What specifically are you guys thinking to get in there and target that market that’s frozen? (inaudible) supporting, backstopping the securitizers or guaranteeing the product because nobody wants to buy it?
PAULSON: Well, the — what — again, we’re in the process of working with the Fed to design it. And what we were — the idea I presented very generally was a program of liquidity which would make financing available to the buyers of this so — on a non-recourse basis — so to make financing available so that it encouraged their participation, you know, investors’ participation in the market.
QUESTION: Mr. Secretary, almost all of the first $350 billion has been allocated through TARP. When are you going to go to Congress to discuss accessing the remaining $350 billion? And is the total, is $700 billion, going to be enough?
PAULSON: Well, first of all, I have no timeline for going to Congress to ask for the drawdown of the second $350 billion.
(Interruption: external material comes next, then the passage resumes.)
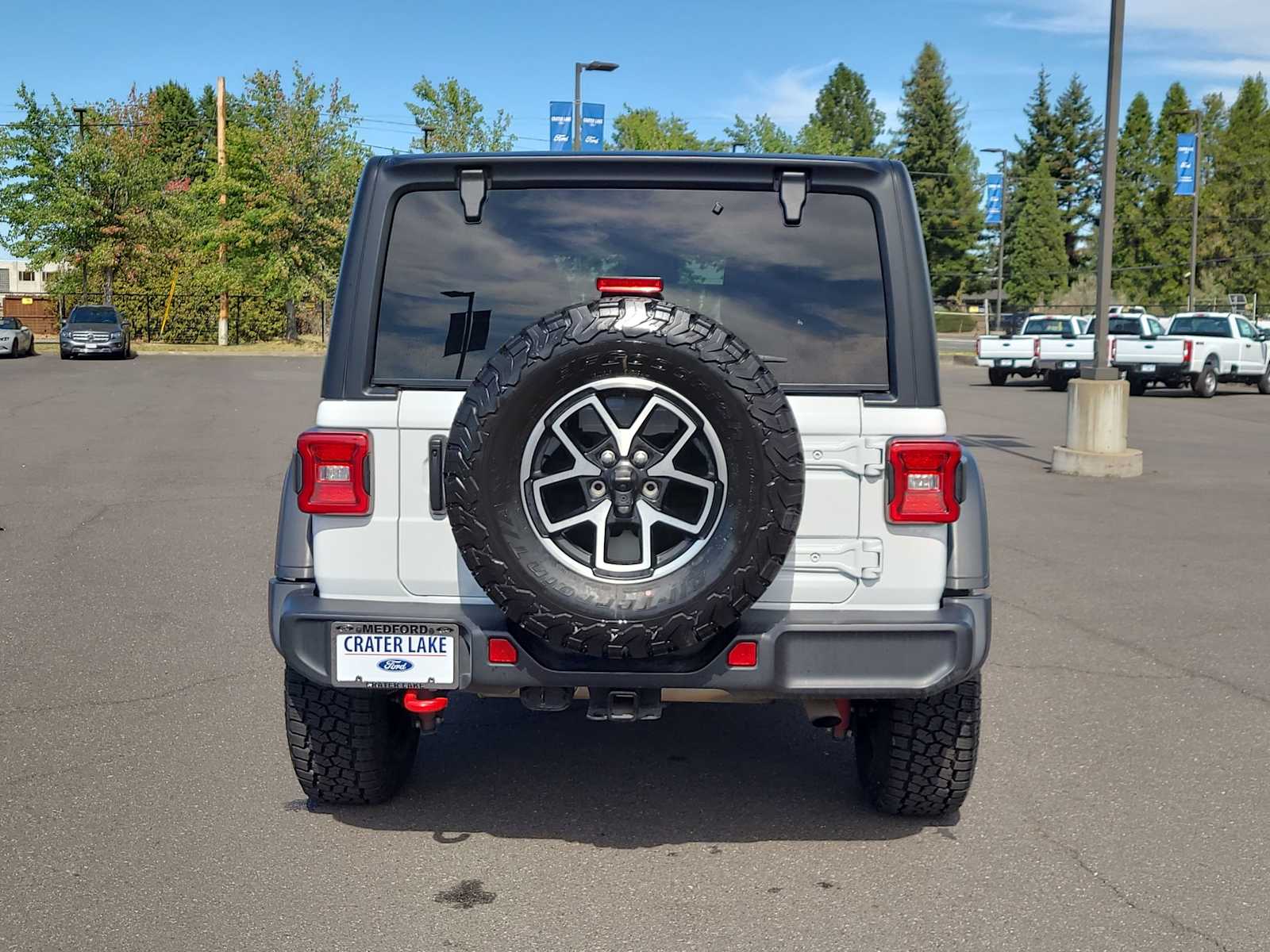 Thumbnail: 2024 Jeep Wrangler - 13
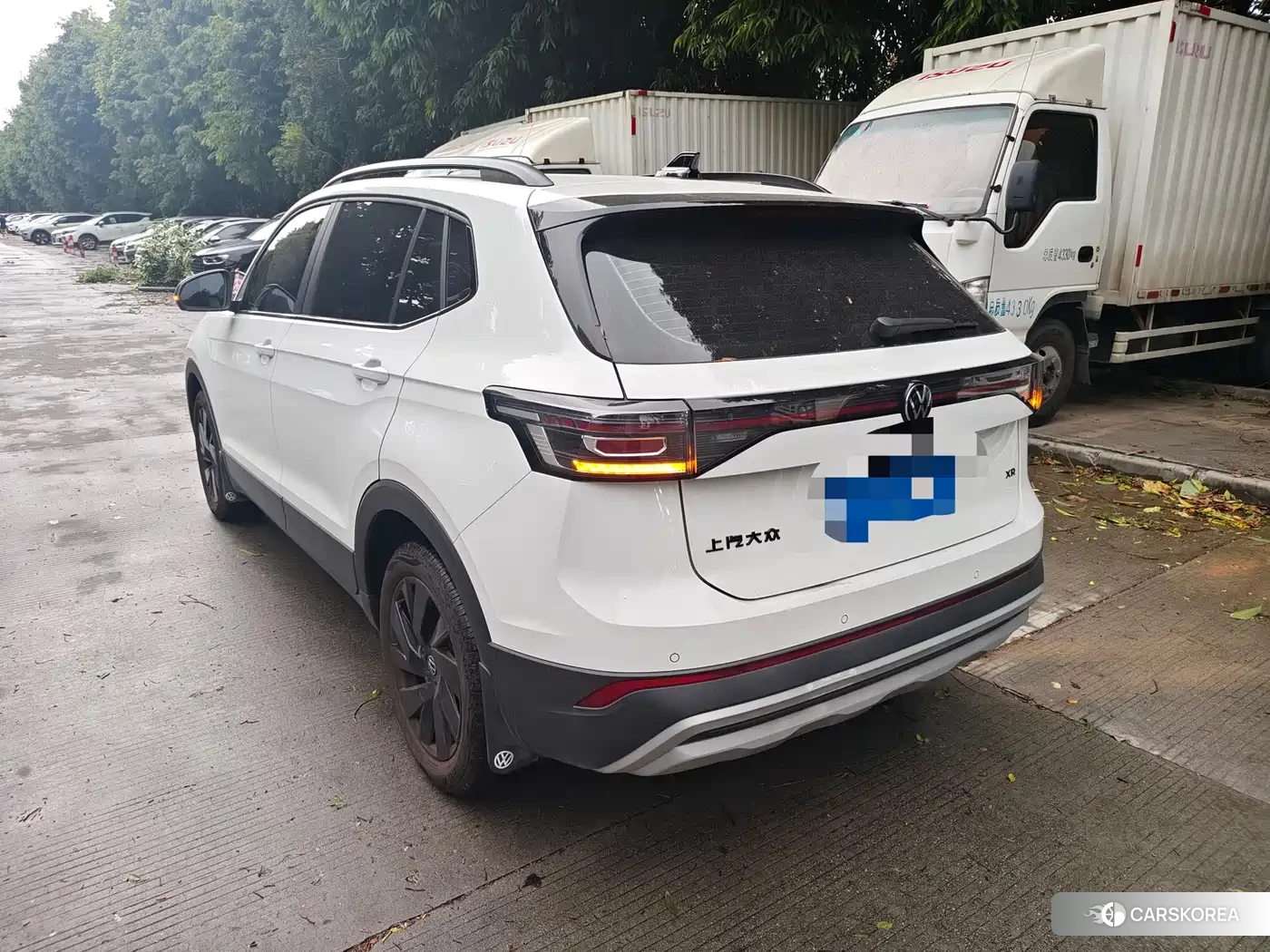 Volkswagen Tharu id 4628133 из Китая 10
We have — we’re working to continue to design, develop programs that could be — it could be used.
And when it’s the right time to use them, we will roll — we will roll them out. And if it then makes sense to go to Congress, we will go to Congress and ask for the drawdown of the second $350 billion.
And, as you know, that’s the — that’s really the process that Congress laid out for us.
Now, in terms of the — of the $700 billion size, I still am comfortable that with $700 billion we have what we — what we need.
QUESTION: Mr. Secretary, on the illiquid asset program (inaudible), what was your main reason for scrapping that? There have been thoughts (ph) that you had a problem pricing the assets.
PAULSON: No, it was the — let’s step back, give you a longer response to this. From the time we first focused on this issue, it was about capital — and capital in our financial institutions.
PAULSON: Our institutions have illiquid assets and there’s no doubt that buying illiqid assets serves two purposes. It freezes up capital and there’s a price discovery process which encourages — makes it easier for — for additional capital to come in. That’s still a very valid concept. But what — what changed — the facts changed, and the situation worsened. And given the situation we confronted, we said, the right way to use the taxpayers’ money — it would be through an investment program in — in — directly into capital — taking capital, because there’s — it’s much more powerful and there’s more leverage that goes with a — with the taxpayer dollars in such a program.
QUESTION: (inaudible) rechanged (ph) the (inaudible) some people say (inaudible). I’m wondering if you could walk us through your decision on why you think (inaudible)?
PAULSON: Well, first of all, this was — this was done through a — an administrative process. It was quite legal, and let me explain to you just in — in layman terms what we’re dealing with. And again, I’m, you know, I’m not going to go through all of the technicalities, but the way the system worked was that if you’re an institution and you have a loss that isn’t realized — and when — then after a merger or acquisition, that loss couldn’t be used to off-set taxes if it was realized later. And in the situation we are dealing with in the market place, where values were very difficult to determine, this became a very impractical and unworkable, and it was an impediment to — to activity that was very worthwhile activity, so we made the change.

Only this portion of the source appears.